A ConcerT of prayerS

The church was divided. First, it had two services. One was 100% traditional, at 8:30 A.M., on Sunday mornings. On my first Sunday as interim pastor, I found 200 aging members, in a sanctuary that sat 1,000. The service felt dead. I assumed the next service would be better. It was the blended (leaning contemporary) service. It had close to 300, but it was just as dead as the early service.

The church was divided over more than the worship services and styles. They were divided over whether they should go back to one blended service or continue with the two. They had been promised by the former pastor that they’d try two services for a year and then talk and decide. Unfortunately, that conversation never took place. The pastor just assumed he had manipulated them into what he believed to be the “correct” format, and that format would go unchallenged, and the old way would be gone forever. However, he was the one that was gone after a second year with no church discussion.

They were also divided over their location. The pastor had pushed to sell and move, which wasn’t necessary, but also wasn’t necessarily a bad idea. He failed to get a super majority; however, and the whole process created sides and enemies. Like I said, he was a goner. His best decision in the last year of his tenure was to resign. Now, the church would have a chance to recover and reunite before it ended up half the size of its already shrinking numbers.

So, where to start?

God provided for the moment with a “Esther” figure. A lady who was in the church “for such a time as this” [Esther 4:14]. She was a very gifted minister, having spent her adult life in para-church ministries. She joined an interim leadership team (Transition Team) tasked with helping the church repair itself, before calling the next pastor (Intentional Interim Ministry). She offered her suggestion. The Transition Team honed it. They experimented with and rehearsed her proposal. Then, they led the church to do it. Our “Esther” called it a “Prayer Concert.”

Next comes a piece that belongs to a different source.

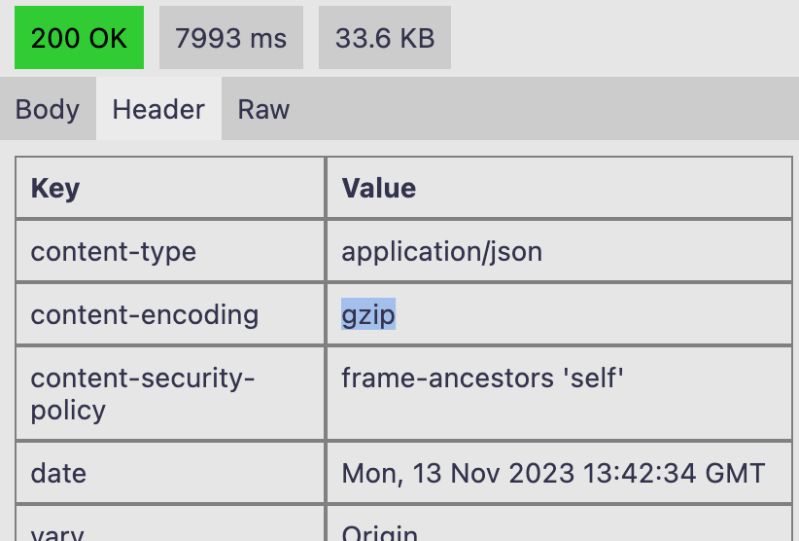 Github Peyman Esteghamatrad Bmp Rle8 Decompression - Download Professional Minimal Design | Mobile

The Concert of Prayer occurred on a Sunday morning, in a single, combined service. It focused on four types of prayer, using the familiar prayer acronym of A.C.T.S.

A = Adoration
C = Confession
T = Thanksgiving
S = Supplication

Each of the four segments of the service blended not just vocalized prayer, which always came last, but also prayerful singing and scripture reading. Focusing on the spoken prayers, here’s what we did.

Adoration—After defining this type of prayer, especially to distinguish it from Thanksgiving, we invited people to open mics to share words, phrases, or sentence-prayers that glorified the Lord. Several people were already set up to get this going, prompting others to follow.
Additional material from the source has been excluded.